Spokesperson for Al Wefaq National Islamic Society
- In office Present

Personal details
- Born: 28 July 1967 (age 58)
- Party: Spokesperson of Al Wefaq National Islamic Society
- Salary: $ 25,500 Annually (Retirement)
- Education: - MSc in Management & IT, Sheffield Hallam University UK 1998 - BSc in Computer Science, King Fahd University of Petroleum and Minerals 1990 - CISA, ISACA 1999
- Website: www.khalilalmarzooq.com

= Khalil al-Marzooq =

Bahrain politician (born 1967)

Khalil al-Marzooq is a Bahraini Shi'a politician and former member of the Council of Representatives. During his time in office, he served as first deputy chairman.

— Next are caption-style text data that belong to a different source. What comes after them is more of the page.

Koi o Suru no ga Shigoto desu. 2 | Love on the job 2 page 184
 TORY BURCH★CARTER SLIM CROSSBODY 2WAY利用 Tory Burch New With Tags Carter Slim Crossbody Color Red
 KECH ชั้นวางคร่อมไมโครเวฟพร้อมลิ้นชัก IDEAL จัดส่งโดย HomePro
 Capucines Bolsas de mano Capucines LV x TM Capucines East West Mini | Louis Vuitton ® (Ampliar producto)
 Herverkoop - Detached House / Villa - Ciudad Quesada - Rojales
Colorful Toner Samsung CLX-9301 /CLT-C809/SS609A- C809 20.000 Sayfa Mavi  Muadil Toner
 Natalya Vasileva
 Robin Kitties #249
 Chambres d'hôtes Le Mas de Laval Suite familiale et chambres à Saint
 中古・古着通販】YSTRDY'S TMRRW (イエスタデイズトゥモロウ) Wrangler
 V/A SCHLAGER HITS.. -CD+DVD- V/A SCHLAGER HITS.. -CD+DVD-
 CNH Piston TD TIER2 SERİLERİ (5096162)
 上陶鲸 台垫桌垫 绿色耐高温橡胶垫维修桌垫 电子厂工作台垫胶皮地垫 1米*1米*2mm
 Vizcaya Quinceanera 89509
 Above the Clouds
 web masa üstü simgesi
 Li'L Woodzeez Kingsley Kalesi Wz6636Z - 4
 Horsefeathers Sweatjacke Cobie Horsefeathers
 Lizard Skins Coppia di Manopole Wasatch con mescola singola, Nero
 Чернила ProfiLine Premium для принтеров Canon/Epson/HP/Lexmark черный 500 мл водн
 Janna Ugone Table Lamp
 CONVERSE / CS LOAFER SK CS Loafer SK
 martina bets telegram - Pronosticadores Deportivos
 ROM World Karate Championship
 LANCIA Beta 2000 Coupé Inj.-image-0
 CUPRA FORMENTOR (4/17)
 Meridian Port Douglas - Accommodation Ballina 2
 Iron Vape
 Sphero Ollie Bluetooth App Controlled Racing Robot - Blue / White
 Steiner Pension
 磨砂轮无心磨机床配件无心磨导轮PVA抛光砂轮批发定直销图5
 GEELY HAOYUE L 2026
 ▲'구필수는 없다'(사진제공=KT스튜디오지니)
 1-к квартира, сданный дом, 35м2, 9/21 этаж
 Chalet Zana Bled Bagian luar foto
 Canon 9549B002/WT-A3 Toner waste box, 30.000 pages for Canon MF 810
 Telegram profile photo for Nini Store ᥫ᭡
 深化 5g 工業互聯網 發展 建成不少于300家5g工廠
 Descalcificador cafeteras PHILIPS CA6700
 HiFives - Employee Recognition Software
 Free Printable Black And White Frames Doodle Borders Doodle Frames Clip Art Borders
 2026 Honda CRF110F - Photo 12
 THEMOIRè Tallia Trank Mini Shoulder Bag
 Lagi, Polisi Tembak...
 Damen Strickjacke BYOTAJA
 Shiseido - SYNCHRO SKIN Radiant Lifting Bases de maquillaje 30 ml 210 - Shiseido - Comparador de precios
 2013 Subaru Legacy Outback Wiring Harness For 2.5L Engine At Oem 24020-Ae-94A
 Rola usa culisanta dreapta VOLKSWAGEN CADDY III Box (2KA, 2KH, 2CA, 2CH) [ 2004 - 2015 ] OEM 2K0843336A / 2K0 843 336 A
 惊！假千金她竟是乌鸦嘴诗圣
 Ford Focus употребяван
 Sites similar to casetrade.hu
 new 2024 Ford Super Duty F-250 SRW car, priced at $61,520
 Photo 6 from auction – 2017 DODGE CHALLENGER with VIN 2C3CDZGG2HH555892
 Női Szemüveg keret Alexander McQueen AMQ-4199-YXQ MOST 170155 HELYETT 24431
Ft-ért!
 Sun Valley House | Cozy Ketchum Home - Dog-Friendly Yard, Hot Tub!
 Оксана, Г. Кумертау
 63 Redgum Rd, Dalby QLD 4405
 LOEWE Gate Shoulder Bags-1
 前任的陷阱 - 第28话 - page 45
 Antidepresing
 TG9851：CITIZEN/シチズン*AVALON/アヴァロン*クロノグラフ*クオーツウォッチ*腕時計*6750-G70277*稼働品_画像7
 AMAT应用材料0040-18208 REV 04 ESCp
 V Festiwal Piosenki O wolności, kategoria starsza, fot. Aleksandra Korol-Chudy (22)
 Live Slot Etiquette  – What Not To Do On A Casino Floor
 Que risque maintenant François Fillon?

On February 14, 2011, al-Marzooq and 17 other MPs from Al Wefaq, the main Shi'a Islamist opposition party, resigned from their seats in parliament. Following the quelling of the unrest by the government, al-Marzooq led negotiations with the government in the Bahrain national dialogue, but he and the four other delegates from Al Wefaq withdrew from negotiations on July 17.

Al-Marzooq was arrested on September 18, 2013 for his criticism of the government. Amnesty International designated him a prisoner of conscience and called for his immediate release. A Bahraini court acquitted him for the charges of "inciting terrorism" and belonging to a terrorist organization on June 25, 2014.

On 1 February 2015, al-Marzooq was interviewed by the newly launched al-Arab News Channel, after which the channel suspended broadcasting.